Referring to FIG. 4 it will be seen that the dominant force acting between the fin 10 and the rib 9 is substantially in a radial direction whereby to implement the interlocking action of the fastened parts, i.e., the cap 15 and the bottle 18.

From FIG. 5 it will be seen that, as the cap is being removed from the bottle neck 15, the position of the fin 10 is reversed from that shown in FIG. 3. The position of fin 10 in FIGS. 3 and 5 indicate that, in addition to the sealing action which would be provided between rib 10 and thread 17, that portion of rib 10 which is not between the respective two threads will provide a seal of that portion of neck 15 over an area equal to the pitch of the Thread 17.

Since the fin 10 is fabricated from material having good elastic memory it will be obvious that, upon unscrewing of the

parts

12 and 15 they will resume their normal, unstressed condition, pending subsequent deformation.

One of the salient advantages of the invention resides in this: that an initial degree of looseness of the neck and cap is readily accommodated by the tendency of the curled portion of the fin 10 to uncurl to its initial, unloaded condition (FIG. 1). Stated otherwise, a screw-threaded connection utilizing the principles of the invention is self-adjusting, compressing into its curled condition upon screwing up, and restoring to its initial, relaxed, essentially flat form upon unscrewing, in proportion to the measure of elastic memory possessed by the fin and the parts sharing in the function.

Claims

What is claimed:

1. A self-locking thread system incorporated in male and female threadedly-engaged parts and to be locked-up in response to relative rotation of the parts, one of the said parts being provided with a helical thread having a transverse cross-section of substantially trapezoidal configuration to present a camming working face, a helical fin positioned below said thread on said same part and having a width greater than the thread flight, the pitch of the fin and thread being the same, the other threaded part being so dimensioned and arranged so that relative rotation of the parts will cause the camming surface to deflect the fin into a jamming position between said threaded parts to bind the parts against inadvertent unscrewing thereof.

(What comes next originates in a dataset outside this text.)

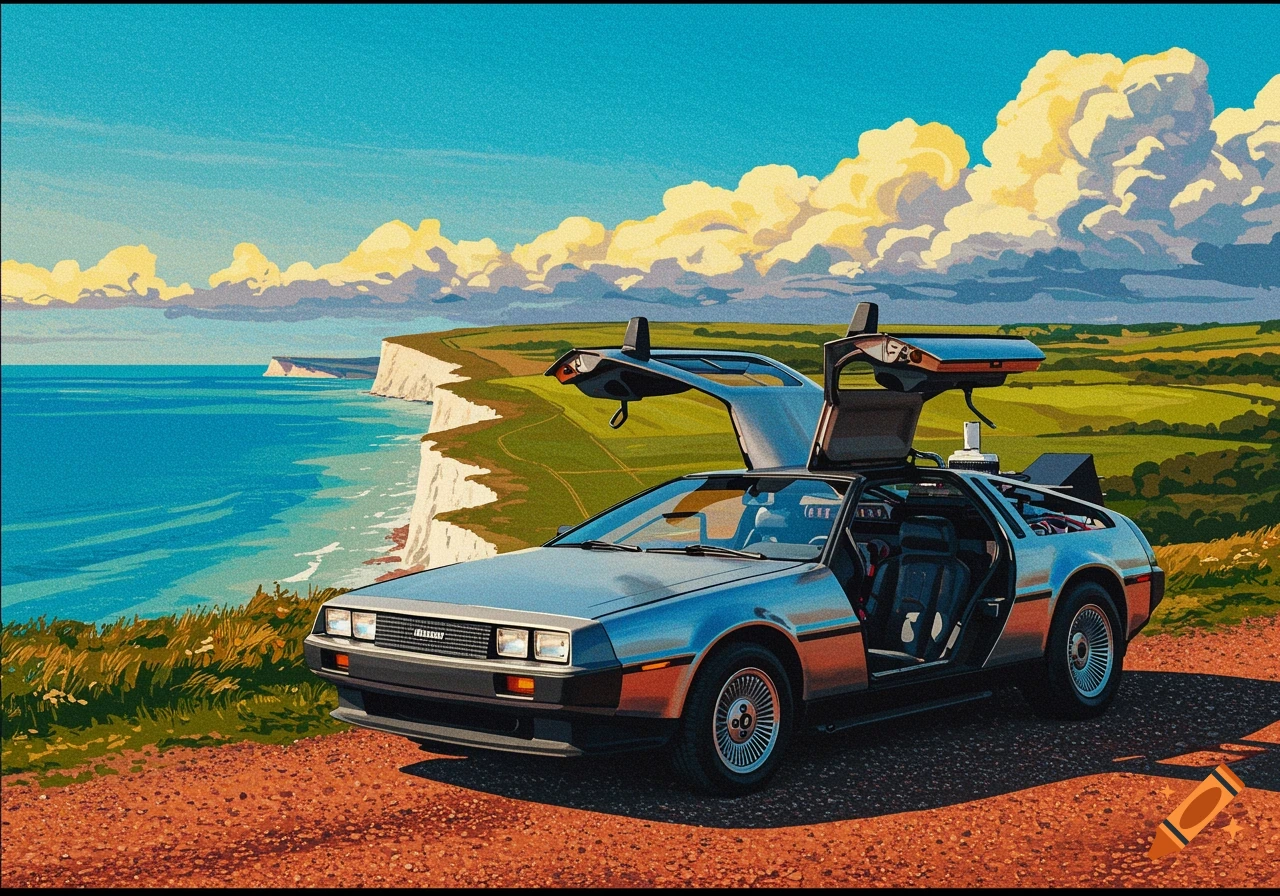 A silver DeLorean car with its gull-wing doors open is parked on a red dirt road overlooking white cliffs and a blue sea under a bright sky in a vibrant pop art style.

2. In a thread system comprising a male helical element rotatably and threadably engaged on a common axis with a female helical element to translate relative rotary motion of the elements into relative axial movement of the elements, each of the elements having mutually confronting threads, the improvement wherein said female element thread has a transverse cross-section of substantially trapezoidal configuration which forms a downwardly sloping camming surface and a helical fin on the interior of the female element spacedly positioned below said female element thread and parallel to the upper surface thereof extending inwardly and adapted to be abutted by the male helical element, the principal plane of the fin being substantially at right angles to the axis of rotation, and the fin, in the disengaged condition of the elements, having a radial extent so relasted that upon relative rotation of the elements the fin is deformed in radial and axial directions by said male element and said camming surface into a jamming position between the respective threads of said elements to increase the radial and axial frictional forces between the two elements in their engaged contition and placing them in a sealed and locked position.

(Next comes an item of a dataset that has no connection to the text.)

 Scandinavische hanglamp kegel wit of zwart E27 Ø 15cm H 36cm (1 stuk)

3. A self-locking thread system comprising a male part and a female hollow cylindrical part to receive the male part, said parts being rotatably engaged, a helical fin and a helical rib extending from the inner wall of the female member, the helical rib having a trapezoidal transverse cross-section and a working face which is a conical helix with its apex coincident with the common axis of the male and female parts, said helical rib being coextensive in the direction of its length with the helical fin, the pitch of the fin and the rib being the same, the fin adapted to be deformed by the rib upon relative rotation of the said parts to a jamming position between said parts to increase the friction therebetween to preclude inadvertent backing off of the said parts attributable to shock and vibration.